The first international edition of *Death in the City of Light* book is scheduled to come out in Britain in January and an Italian version is also planned. So far, however, King said, there are no firm plans to translate the work into French for publication in Dr. Petiot’s home country. However, King said, he has been hearing from the French police, who have just received their English language copies.
“The police loved it. I have gotten some emails from them – they played such a huge role in helping me,” King said.
And in his epilogue to the book, King, again using archival documents and antiquarian publication research, may have helped the police: to determine a shocking twist on just how Dr.
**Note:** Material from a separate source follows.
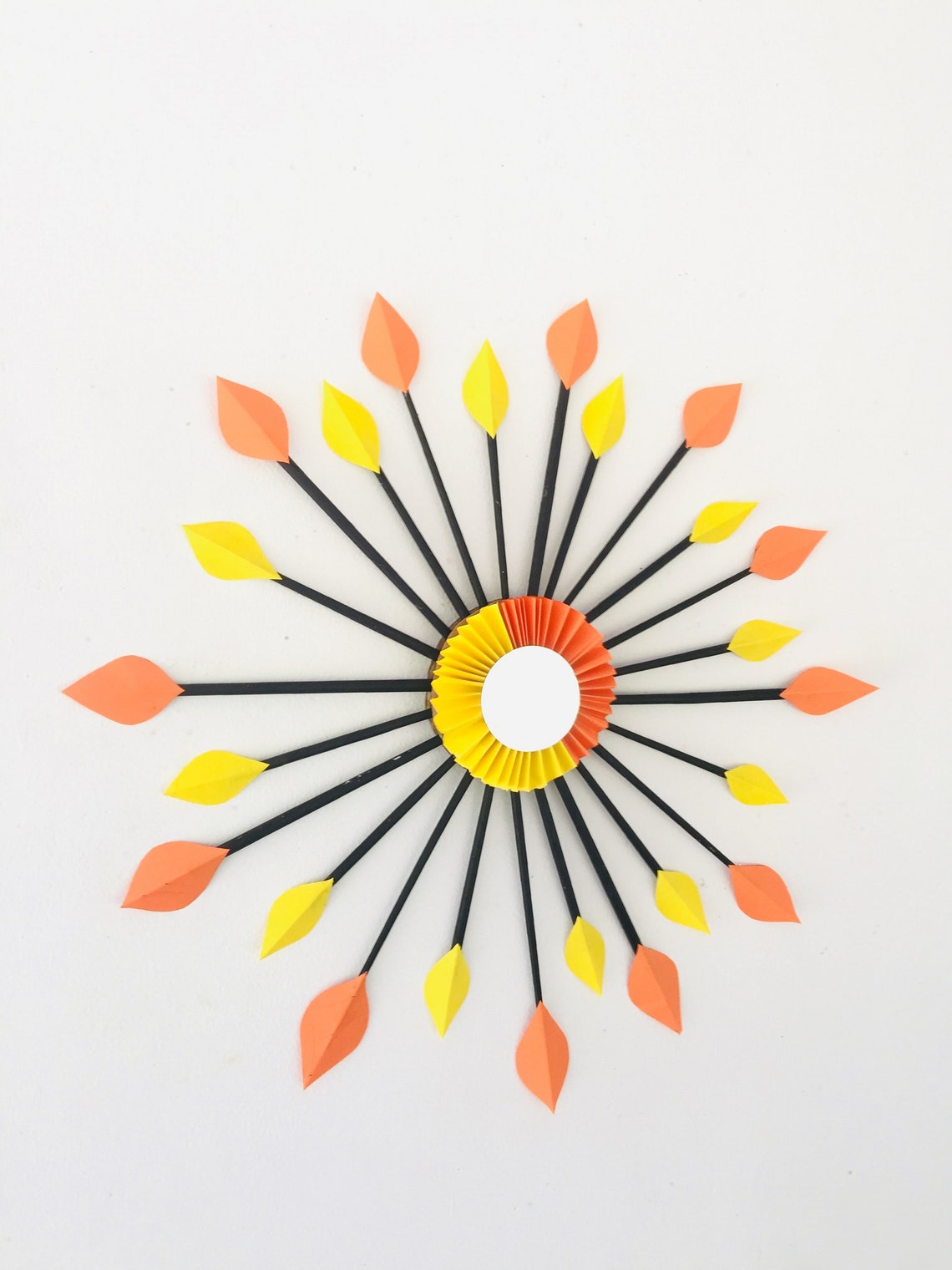 Wall Decor Paper Art Yellow and Orange Color Wall Hanging Etsy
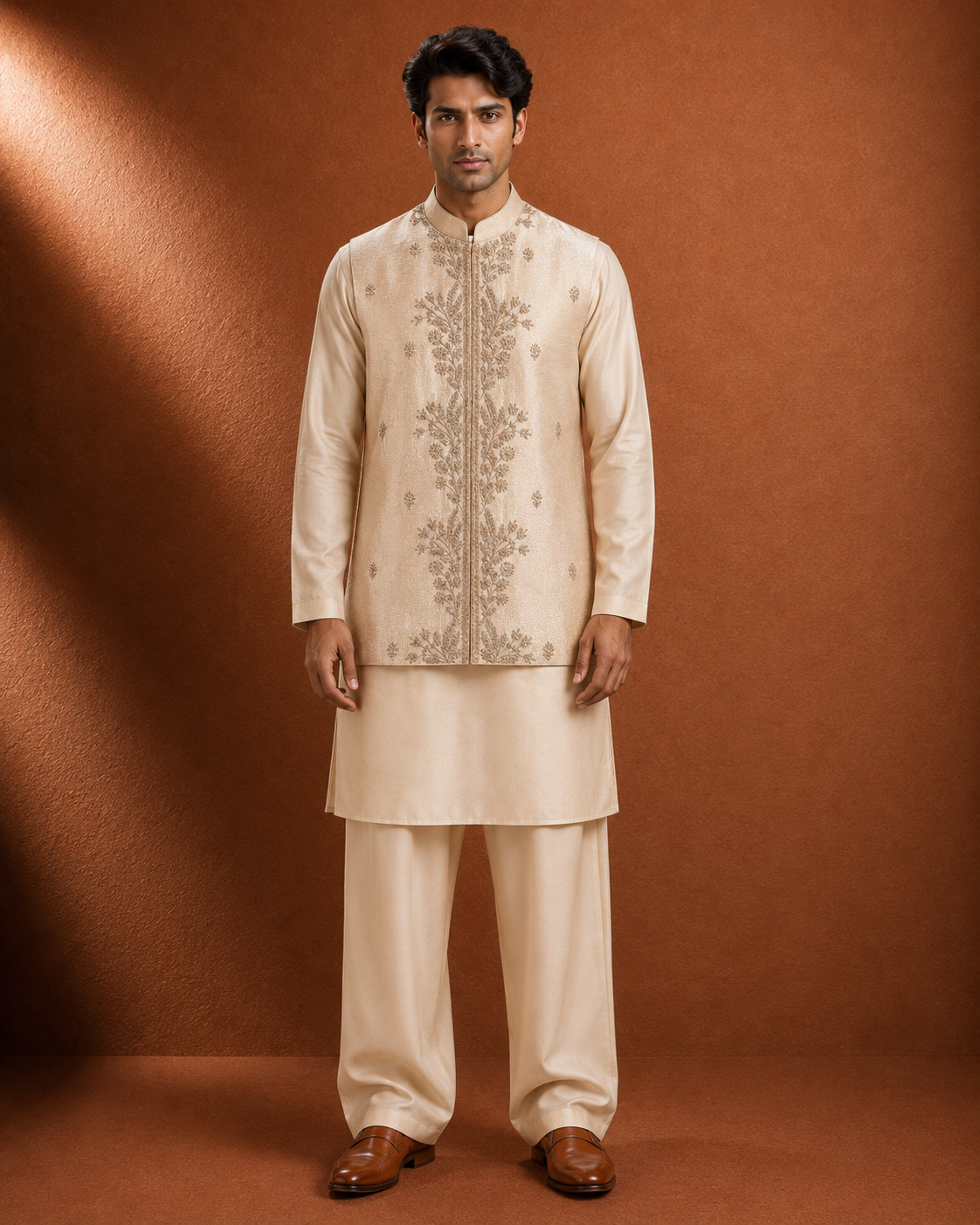 Men's Beige Embroidered Kurta with Embroidered Jacket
Petiot killed his victims.
He used technology unavailable to Massui, the 1940s Paris detective (and prototype for George Simenon’s famous Detective Maigret) who investigated the Petiot case: a Google alert and E-Bay.
It seems possible that the evidence that King has unearthed might warrant a re-opening of the case.
King had searched library databases covering 10,000 libraries internationally, he said, for Albert Massui’s “Le cas du Dr Petiot.” No one held the rare antiquarian memoir. Then one day, a Google Alert came in: It was up for sale on Belgian E-Bay.
Massui’s memoir included an account from a potential victim, who in in 1942, had made it all the way through Dr. Petiot’s “escape process” from Occupied France but had escaped alive from the triangular room, the room specially built for killing.
Putting this survivor’s account of what happened to him in the locked room that slowly “filled with gas” together with the records of the specifications given to the builders of this “radiation chamber” by the doctor, the history of the development of execution methods, and accounts in “The French Gestapo,” King finds that it is probable that Dr. Petiot was operating his own gas chamber.
Worse yet, this man who was offering escape passage to Jews was using, King postulates, with strong evidence, hydrogen cyanide gas – the generic form of the Zyklon B that was so tragically used at Auschwitz-Birkenau.
David King brings the terrible story of murder in the City of Light to light completely through his careful, dedicated work in the archive and through his storytelling.
Unfortunately, it is all true.
Author David King will be at the Kentucky Book Fair at the Frankfort Convention Center on Saturday, Nov.12. He will also lead a discussion on his book on Monday, Oct. 17 at 7 p.m. at the Jessamine County Library.